_YOUR ASSIGNMENT_
Leave out any pictures and transcribe all other data below exactly.

##### INFORMATION SHOWN #####

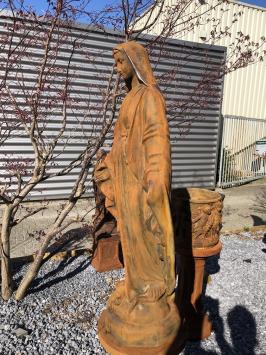Mutter Maria, große Oxidstatue aus Stein auf Sockel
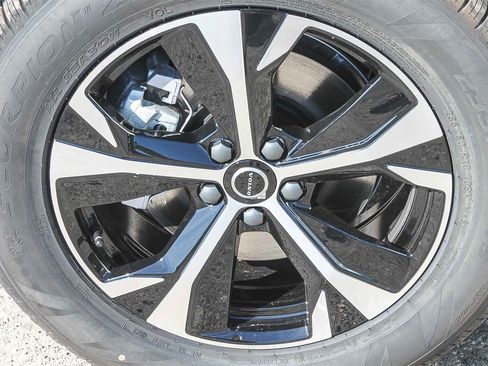 New 2026 Volvo XC60 B5 Core image 12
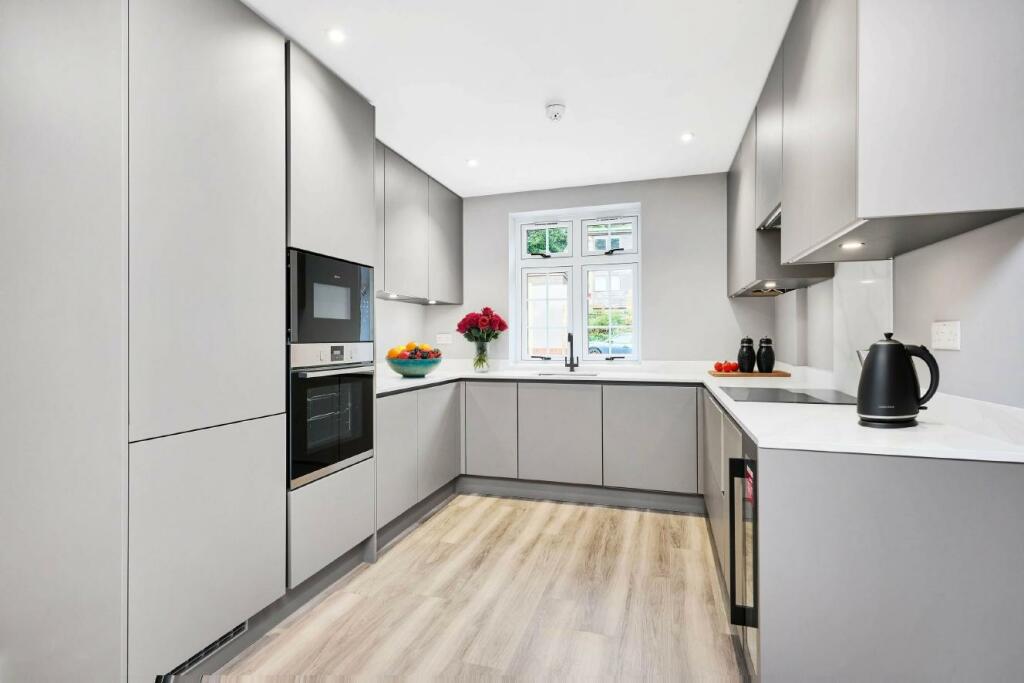 Additional property image - Bromley Avenue, Bromley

#####

_ANSWER SPACE_
Mutter Maria, große Oxidstatue aus Stein auf Sockel
 New 2026 Volvo XC60 B5 Core image 12
 Additional property image - Bromley Avenue, Bromley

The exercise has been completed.